Я, дурак, и ответил.
– Вы слишком квалифицированы для такой работы, – вздохнул дядька.- Ну поймите сами, мне нужен работник на долгое время. Я возьму чернокожего парня, и он будет работать здесь годами. А вы, согласитесь, через пять-шесть месяцев, оглядевшись, перейдете в какой-нибудь отдел или еще куда…
– Но мне нужна работа и деньги на жизнь сегодня.
– Ничего, это вопрос времени. Америка для таких, как вы, я же вижу.
Вторую из приличных работ я завалил в большом книжном магазине Манхеттена. Там нужен был грузчик, и я пришел уже по рекомендации знакомого американца, с которым мы как-то разговорились на улице. Американец, видимо, слишком хорошо обо мне отозвался, потому что менеджер даже не стал прикидываться и тратить свое время. Он просто поднял со стола кипу заполненных анкет и тряхнул ими в воздухе.
– Вот здесь более пятидесяти заявлений на эту работу…
Шесть дней в неделю по утрам я долбил лед на тротуаре напротив магазина подержанной мебели, чтобы прохожие, поскользнувшись, не подали в суд. А затем сушил сопли у обогревателя в промерзшем насквозь помещении, отбиваясь не столько от редких в этом афроамериканском районе Бруклина покупателей, сколько от вьетнамского вида рэкетиров, которые время от времени заходили и грозно требовали хозяина.
В ответ я предлагал им матрацы «кинг-сайз», видимо, украденные с фабрики, поскольку они были в упаковке. И вьетнамцы, ругаясь и грозя, уходили в темень улицы, обещая вернуться.
Как-то вдруг, неожиданно, как все хорошее, реально засветилось настоящее дело. В нью-йоркском офисе радио «Свобода» на русском языке не было даже внештатных вакансий. Но в небольшой белорусской редакции, которая располагалась здесь же, заказали несколько материалов, без политики – о жизни эмигрантов, сумевших поднять свой первый бизнес.
Вновь прибывшие в то время сплошь говорили по- русски, а уже небольшие вводные тексты, взяв словари, я составлял на белорусском. Проблема была даже не в отсутствии языковой практики – знакомую на слух с детства «мову» можно было восстановить, а в произношении. К тому же «основная» работа в магазине, английский и усталость выдавливали все на свете.
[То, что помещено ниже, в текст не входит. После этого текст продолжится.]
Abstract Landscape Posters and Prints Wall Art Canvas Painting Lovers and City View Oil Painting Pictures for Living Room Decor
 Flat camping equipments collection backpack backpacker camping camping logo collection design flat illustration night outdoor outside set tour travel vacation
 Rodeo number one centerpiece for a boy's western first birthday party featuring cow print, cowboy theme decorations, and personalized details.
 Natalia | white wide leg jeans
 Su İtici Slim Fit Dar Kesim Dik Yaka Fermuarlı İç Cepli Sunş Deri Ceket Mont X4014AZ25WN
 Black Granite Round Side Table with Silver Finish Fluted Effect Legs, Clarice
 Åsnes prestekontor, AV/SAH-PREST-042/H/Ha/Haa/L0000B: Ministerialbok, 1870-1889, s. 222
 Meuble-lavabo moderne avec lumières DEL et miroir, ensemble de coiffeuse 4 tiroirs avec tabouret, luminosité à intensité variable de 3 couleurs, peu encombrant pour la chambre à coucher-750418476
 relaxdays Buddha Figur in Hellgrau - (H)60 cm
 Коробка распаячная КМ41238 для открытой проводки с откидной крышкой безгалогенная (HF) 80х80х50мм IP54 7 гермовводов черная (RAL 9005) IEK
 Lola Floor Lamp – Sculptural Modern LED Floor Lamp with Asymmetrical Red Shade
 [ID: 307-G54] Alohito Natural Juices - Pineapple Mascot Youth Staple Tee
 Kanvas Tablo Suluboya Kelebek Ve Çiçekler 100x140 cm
И тут произошел случай, после которого любой язык, который жизнь сама дает людям, живущим в той же Беларуси, Украине, Эстонии или Израиле, стал для меня столь же значимым, как и языки мировые. Никогда не знаешь, если ты в движении, что может поставить непростые шаткие обстоятельства на нормальные устойчивые рельсы.
Очень скоро, даже слишком, мне сказали, что в белорусскую редакцию «Свободы» в Мюнхене при очень хороших условиях нужен молодой человек. И я вроде подхожу. Это уже был прорыв. С Америкой за три месяца тамошней жизни меня еще ничего не связывало.
Накануне интервью не спалось, и, отпросившись, разумеется, за свой счет, с работы, я до утра листал белорусско-русский словарь. Но произошло то, что и должно было случиться.
Язык, как женщина, прощает все или почти все, кроме высокомерного игнорирования.
Руководитель службы, интеллигентный профессор-филолог, разговаривал со мной, понятно, на чистом белорусском. Когда на нем говорят правильно, это звучит красиво и даже, как мне казалось здесь, в Нью-Йорке, тепло. Проблема, однако, была в том, что мне тоже надо было свободно отвечать.